[Given records Boundary: Start]
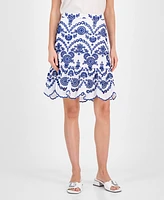 Anne Klein Women's Cotton Eyelet Scallop-Hem Skirt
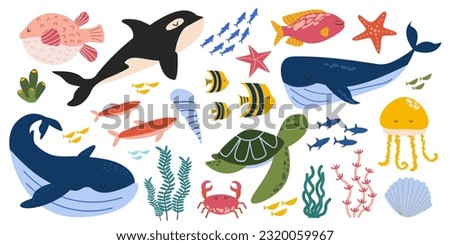 Large vector set of sea animals, fish, turtles, whales, jellyfish, algae, shells. Ocean animals, underwater world. Marine life. Vector collection of ocean inhabitants in flat style. White background. Royalty-Free Stock Photo #2320059967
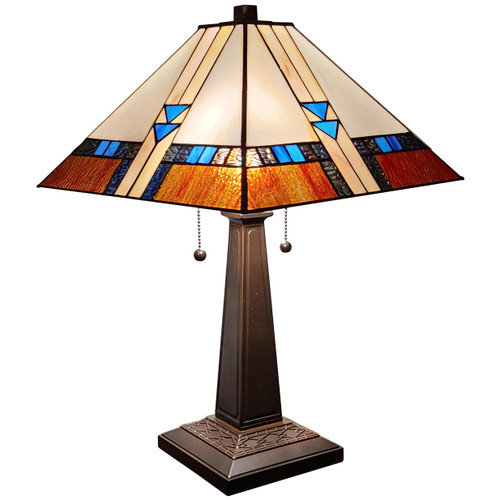 Homeroots Lighting 23" Cream Amber and Teal Arrow Stained Glass Two Light Mission Style Table Lamp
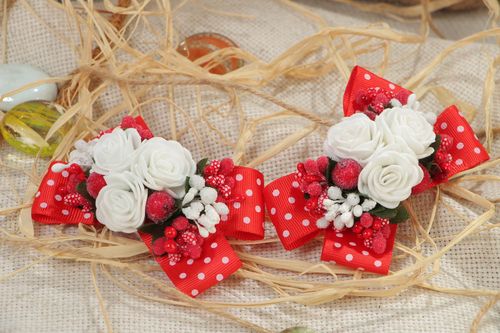 Set of 2 handmade decorative hair bands with red bows with white flowers - MADEheart.com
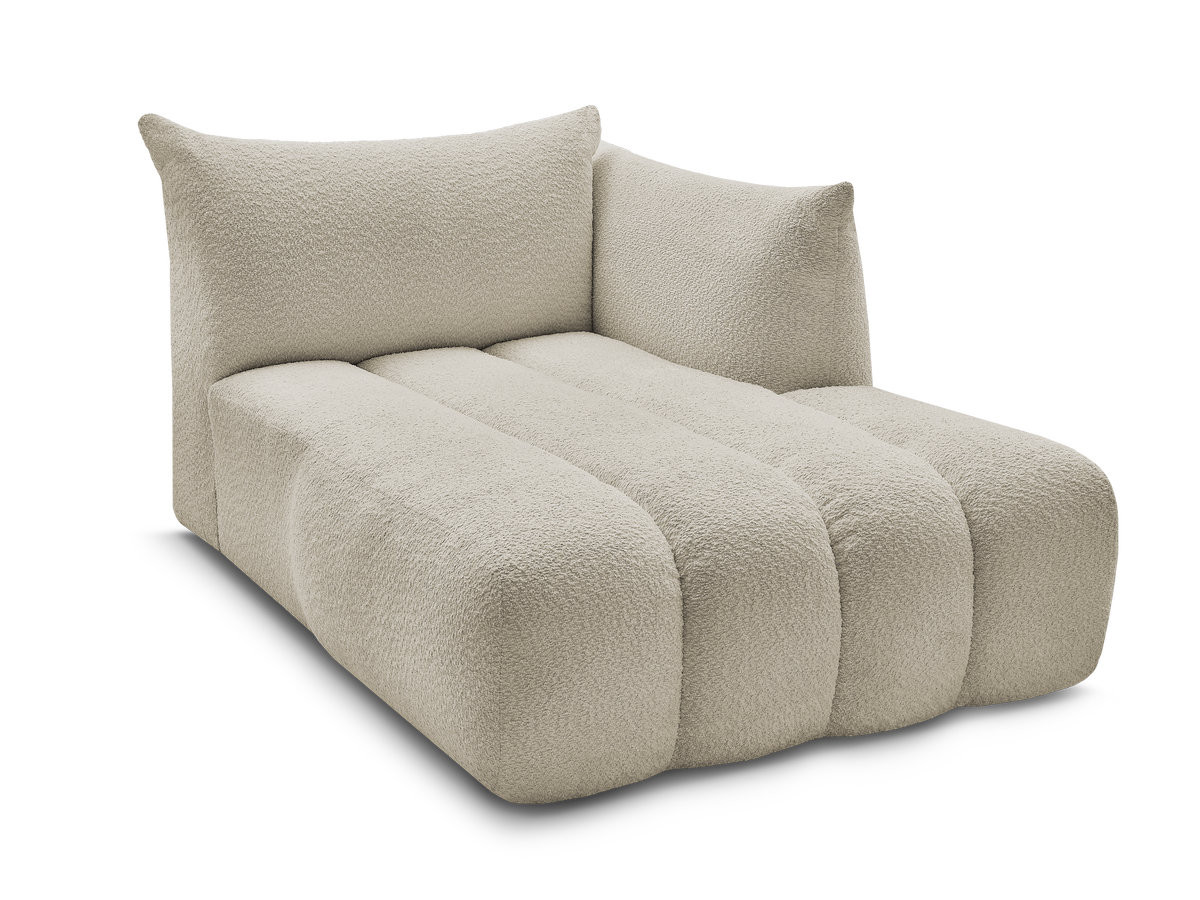 Bobochic Azra Méridienne-Modul Bouclé-Stoff Beige Ecke rechts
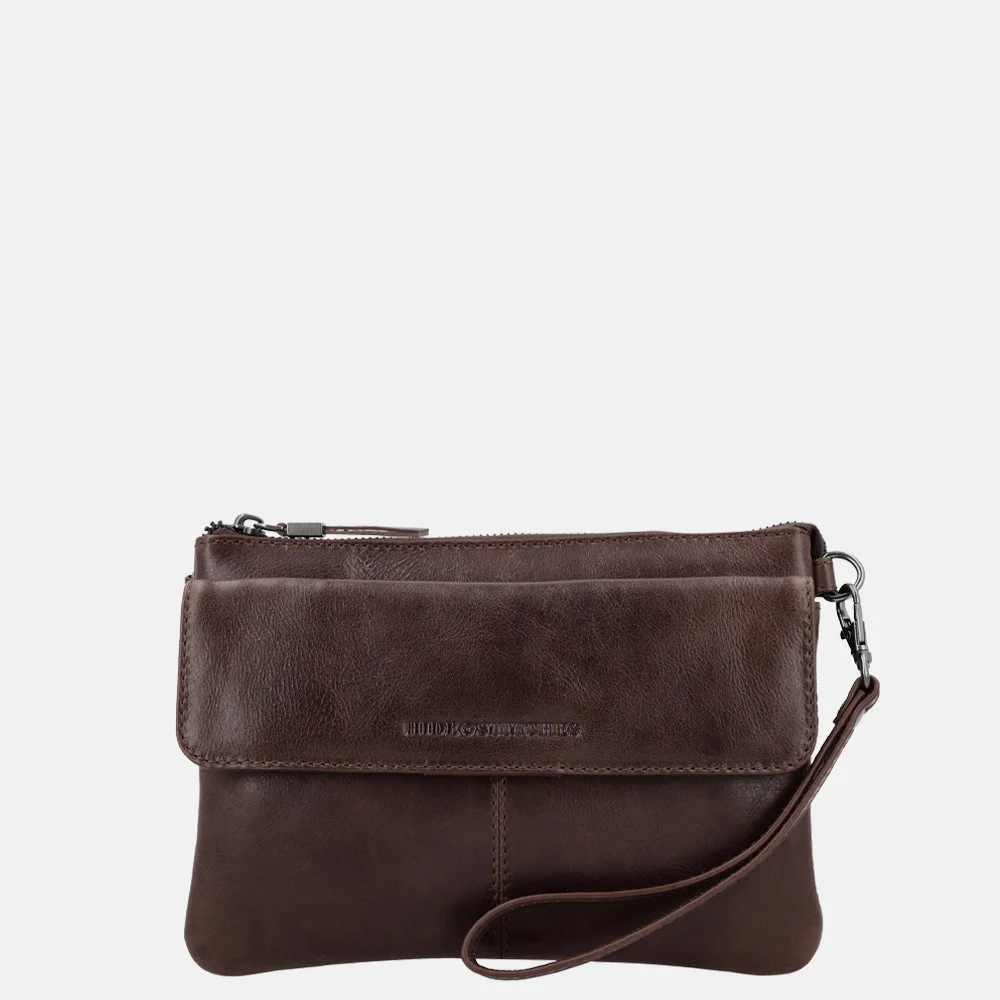 Hide & Stitches crossbody tas donkerbruin bij Duifhuizen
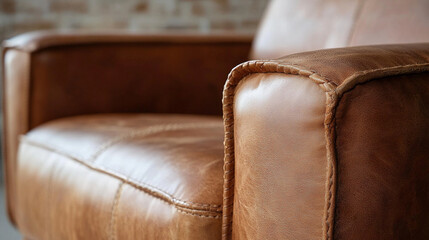 A close-up of a modern leather armchair, showcasing the fine stitching and texture of the material.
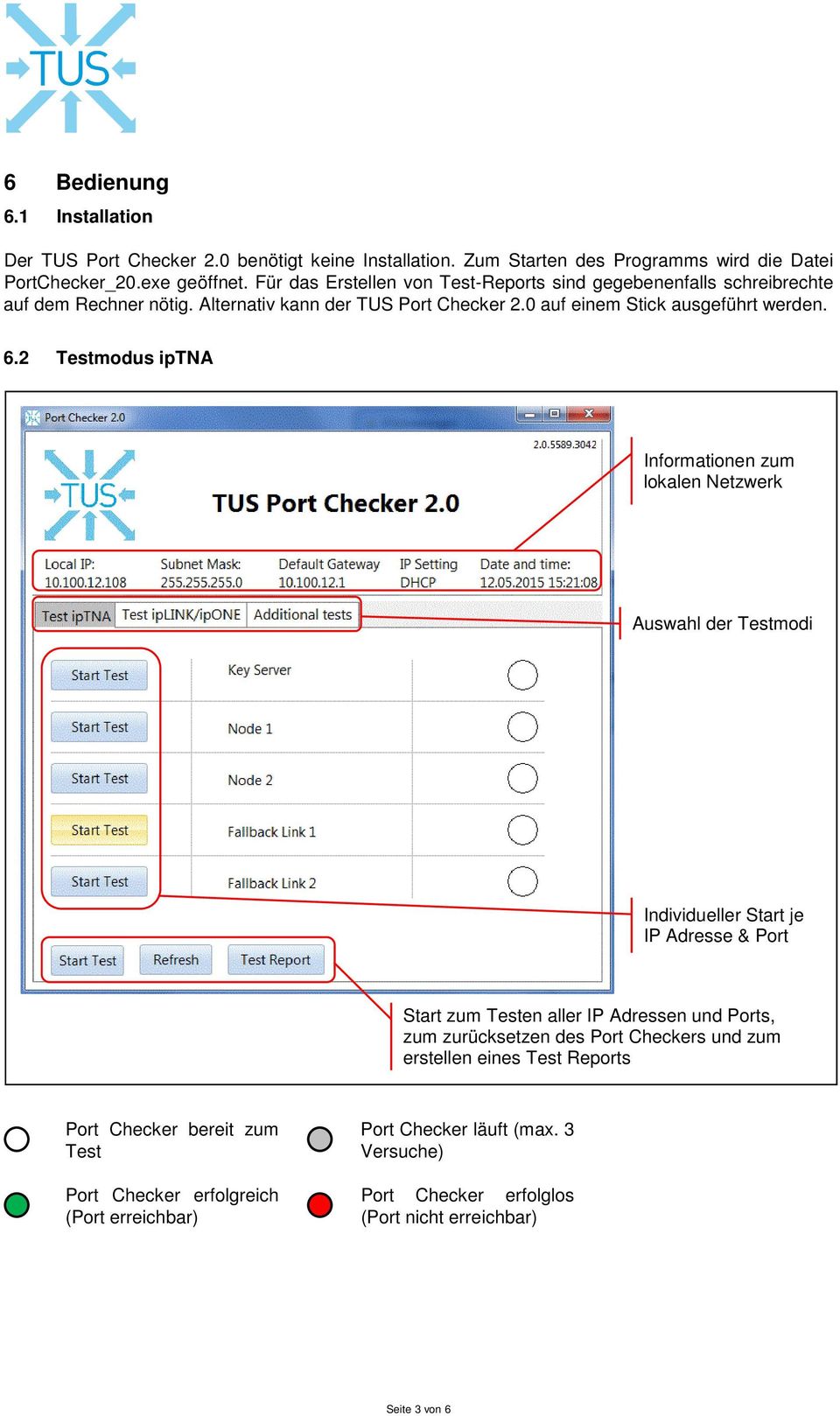 2 Testmodus iptna Informationen zum lokalen Netzwerk Auswahl der Testmodi Individueller Start je IP Adresse & Port Start zum Testen aller IP Adressen und Ports, zum zurücksetzen des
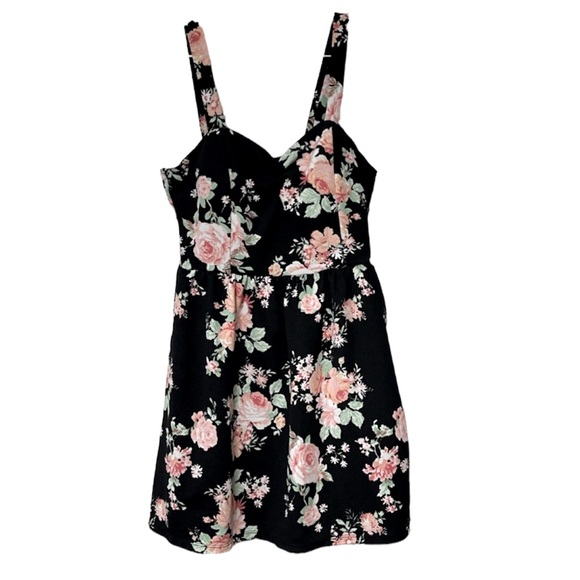 No Boundary Junior Dress Black with Peach/Green Floral Size: Large 11/13 - Picture 1 of 5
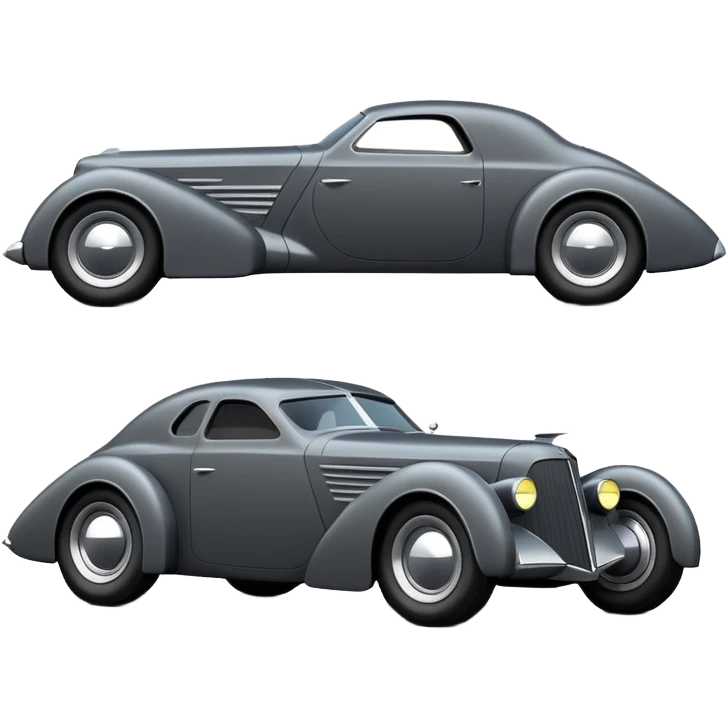  the animated series aerodynamic futuristic Batmobile loosely based on 1936 cord 812 (flat long faceted body) stealthy understated hot rod  emoji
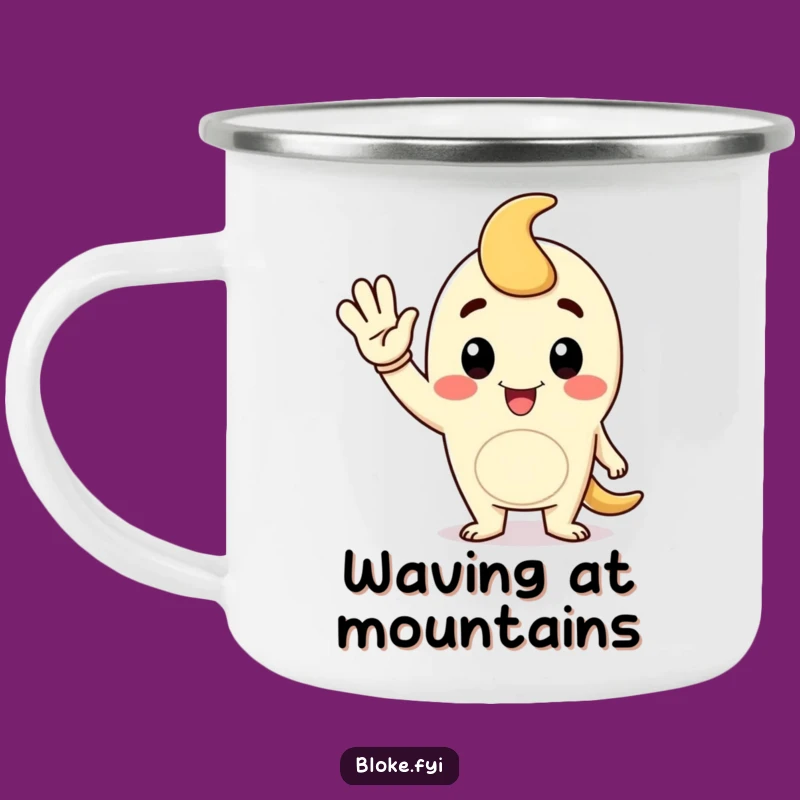 Funny Waving Fellow Camping Mug, Outdoor Gift for Friendly Campers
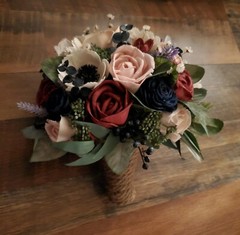 Navy Burgundy Pink Sola Wood Bridal Bouquet Anemone Artificial Wedding Flowers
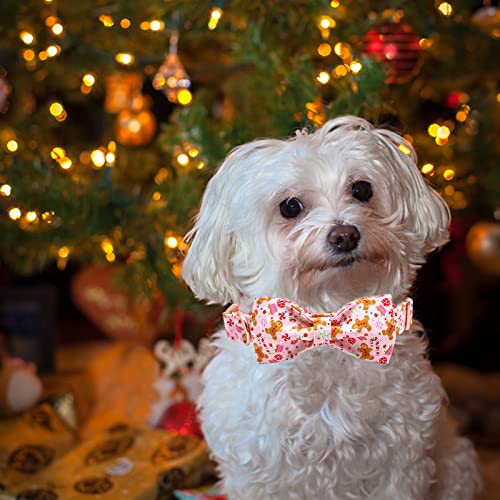 Elegant little tail Dog Collar with Bow - Pink Christmas Gingerbread Man Pet Collars Bow Boy Girl Bowtie Pet Adjustable Dog Collar for Small Medium Large Dogs - color: Gingerbread Man, size: X-Small (Pack of 1)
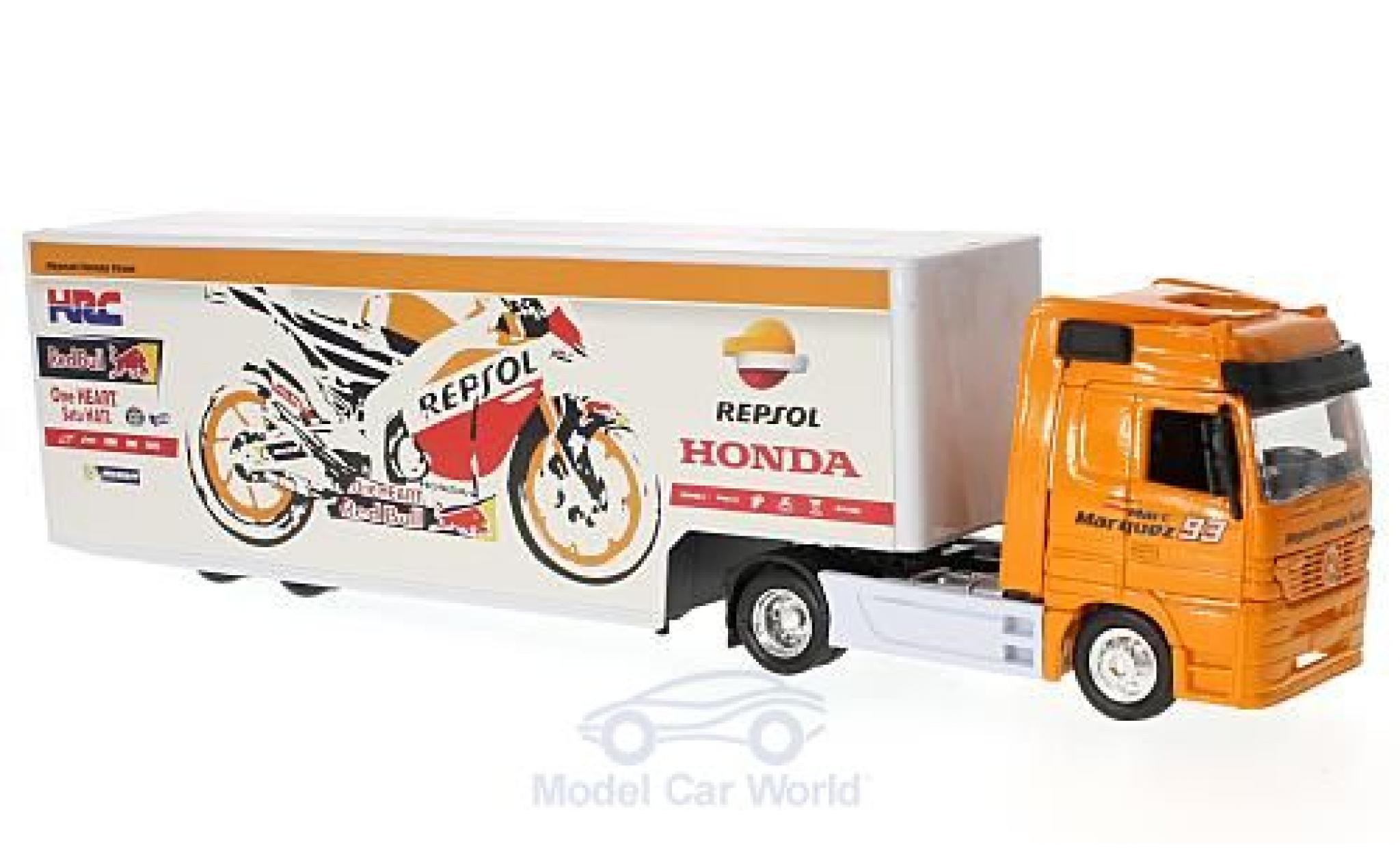 Mercedes Actros 1/43 New Ray Repsol Honda Team mit Kastenauflieger modellino in miniatura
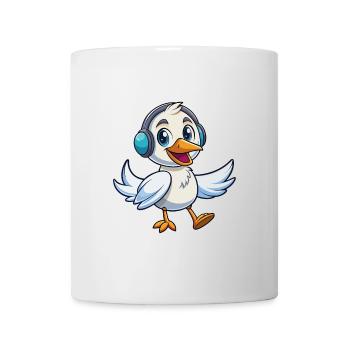 Swan Funny Cartoon Character Headphone Music - Mug - white - Front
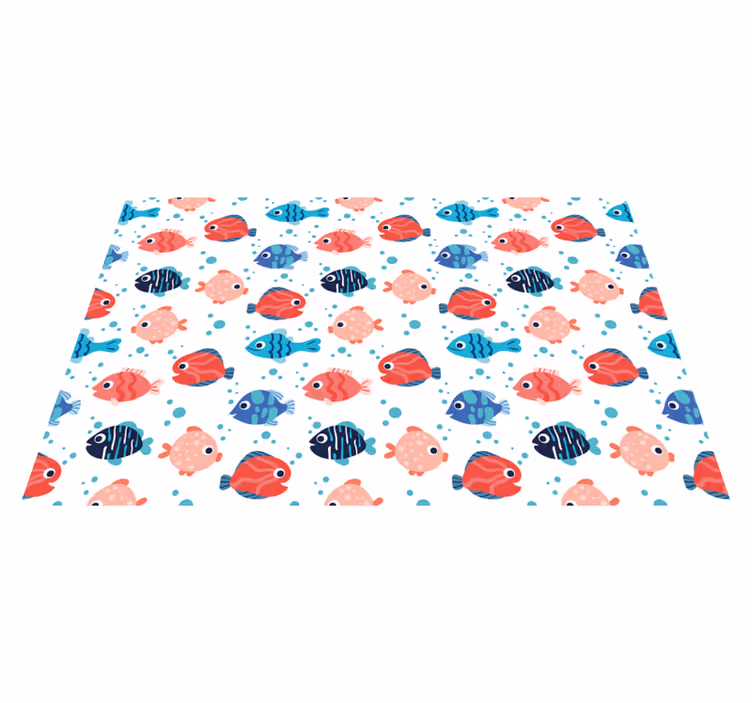 Pink and blue fishes kids vinyl rug - TenStickers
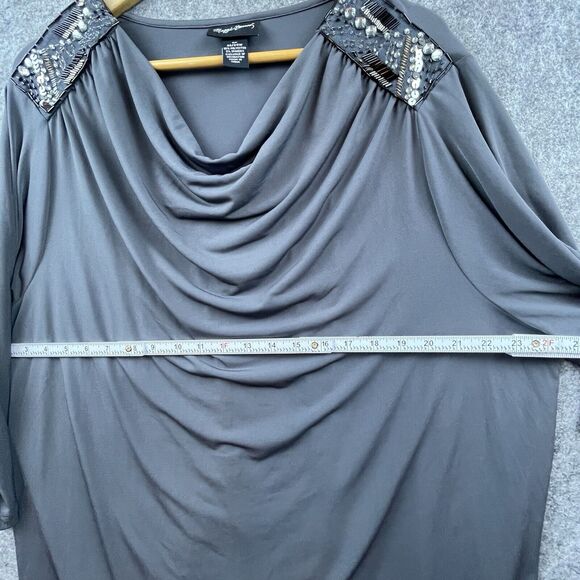 Maggie Barnes Blouse Womens 2X 22/24W Grey Sequin Flowy Drape Stretch Career - Picture 7 of 7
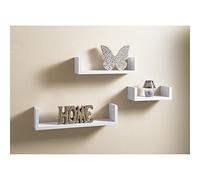 AJ Set Of 3 U Shaped Wall Mountable Wooden Floating Shelve Shelf White Storage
[Given records Boundary: End]
What you have to do:
Beginning at the line above that contains "Hide & Stitches" and going on through the line that contains "Funny Waving Fellow", please copy every line exactly, leaving the pictures out and adding nothing.

Expected answer:
 Hide & Stitches crossbody tas donkerbruin bij Duifhuizen
 A close-up of a modern leather armchair, showcasing the fine stitching and texture of the material.
 2 Testmodus iptna Informationen zum lokalen Netzwerk Auswahl der Testmodi Individueller Start je IP Adresse & Port Start zum Testen aller IP Adressen und Ports, zum zurücksetzen des
 No Boundary Junior Dress Black with Peach/Green Floral Size: Large 11/13 - Picture 1 of 5
  the animated series aerodynamic futuristic Batmobile loosely based on 1936 cord 812 (flat long faceted body) stealthy understated hot rod  emoji
 Funny Waving Fellow Camping Mug, Outdoor Gift for Friendly Campers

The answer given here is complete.